Lastly, in terms of our need for connection, the more that people can have a sense of inclusion or a sense of being seen, or appreciated, or liked or loved; the more that people can cultivate the traits of being compassionate, kind, and loving themselves, the more that they’re going to be able to stay in a responsive mode of the brain, even if they deal with issues in this connection system like being rejected or devalued or left out by somebody else.
Do people differ in the sort of mode that they tend to be in, reactive or responsive, based on their personal history or personality?
The short answer, I’m sure, is yes. There’s a general finding in psychology that, on average, about a third of our personal characteristics are innate, and roughly two-thirds are acquired one way or another. And so, it’s true, I think, that some people are just by tendency more reactive, more sensitive, fiery. They come out of the box that way. On the other hand, anybody can gradually develop themselves over time through repeatedly internalizing positive experiences and also learning from negative ones.

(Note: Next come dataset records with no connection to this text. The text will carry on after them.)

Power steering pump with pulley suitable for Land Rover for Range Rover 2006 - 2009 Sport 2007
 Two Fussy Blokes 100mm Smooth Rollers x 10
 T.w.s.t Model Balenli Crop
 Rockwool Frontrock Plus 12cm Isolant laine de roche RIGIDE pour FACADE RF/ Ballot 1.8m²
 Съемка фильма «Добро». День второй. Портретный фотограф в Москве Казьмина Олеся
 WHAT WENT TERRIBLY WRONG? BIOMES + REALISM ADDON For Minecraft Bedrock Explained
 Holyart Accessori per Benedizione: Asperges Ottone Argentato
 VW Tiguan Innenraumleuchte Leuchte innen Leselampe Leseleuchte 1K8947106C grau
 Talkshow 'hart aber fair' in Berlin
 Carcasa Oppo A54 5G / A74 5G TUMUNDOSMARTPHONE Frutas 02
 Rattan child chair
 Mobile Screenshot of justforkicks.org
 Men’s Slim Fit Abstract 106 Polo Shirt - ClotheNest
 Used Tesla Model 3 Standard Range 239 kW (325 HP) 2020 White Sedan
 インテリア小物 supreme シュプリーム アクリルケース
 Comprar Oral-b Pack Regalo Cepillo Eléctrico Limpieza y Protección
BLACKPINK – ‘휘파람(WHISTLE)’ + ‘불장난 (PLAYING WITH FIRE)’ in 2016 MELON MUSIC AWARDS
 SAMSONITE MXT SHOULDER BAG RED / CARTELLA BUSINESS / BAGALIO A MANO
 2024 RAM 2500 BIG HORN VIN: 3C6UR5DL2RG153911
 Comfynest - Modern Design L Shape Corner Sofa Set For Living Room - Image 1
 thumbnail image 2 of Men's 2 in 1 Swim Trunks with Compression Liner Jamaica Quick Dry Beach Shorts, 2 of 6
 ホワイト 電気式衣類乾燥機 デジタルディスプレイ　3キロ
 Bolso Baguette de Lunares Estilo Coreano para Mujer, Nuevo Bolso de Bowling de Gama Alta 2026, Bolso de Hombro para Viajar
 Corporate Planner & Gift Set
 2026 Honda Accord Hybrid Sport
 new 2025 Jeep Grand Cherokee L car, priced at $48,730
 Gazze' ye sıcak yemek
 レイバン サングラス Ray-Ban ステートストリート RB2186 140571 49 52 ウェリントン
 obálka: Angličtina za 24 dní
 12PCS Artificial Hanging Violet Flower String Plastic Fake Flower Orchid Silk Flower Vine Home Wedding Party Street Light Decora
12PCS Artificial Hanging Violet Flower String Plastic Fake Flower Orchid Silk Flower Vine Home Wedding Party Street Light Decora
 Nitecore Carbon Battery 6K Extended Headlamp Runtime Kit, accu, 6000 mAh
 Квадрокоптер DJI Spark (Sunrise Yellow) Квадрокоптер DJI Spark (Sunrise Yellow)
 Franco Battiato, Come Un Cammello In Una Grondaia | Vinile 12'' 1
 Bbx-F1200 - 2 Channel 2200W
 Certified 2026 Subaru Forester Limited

There’s been research on the development of resilience, as well as many anecdotal tales of people who were very reactive because they grew up in a reactive environment—a lot of poverty or chaos in their home or within the family—but then over time, become increasingly sturdy and even-keeled as they navigate the storms of life.
You said in the book that regular exercise can be a factor; can you explain how that helps?
It’s interesting, and I’m someone that doesn’t like exercise. Research shows that exercise is a very good physical health factor obviously, but it also confers mental health benefits. For example, regular exercise is roughly as powerful on average for mild depression as medication is, studies show.
People who are depressed, mildly to moderately depressed, are still having positive experiences, but they’re not changing from them; they’re not learning from them. One of the theories about why exercise seems to have such a powerful effect on depression in terms of lifting the mood, is that exercise promotes the growth of new neurons in the hippocampus, which is involved with learning—both learning from specific life experiences, as well as learning how to put things into context, see things in the bigger picture. It’s possible that as exercise promotes the growth of neurons in the hippocampus, people become more able to cope with life and make use of positive experiences.
Taking in the good seemed like something you started to do on your own in college, and then later you found that research supported the practice, is that right?
A lot of people stumble upon something that works for them, and then later on they find out there’s a lot of research that’s related to it. For me, the research that’s relevant is on learning, both cognitive learning and especially emotional learning. How do people grow psychologically? The research on that shows that it’s a two-stage process of activation and installation. Also as a long-time clinician, I began to think about how relatively good we are as clinicians at activating positive mental states, but how bad we generally are at helping people actually install those activated states into neural structure. That was a real wake-up call for me, as a therapist.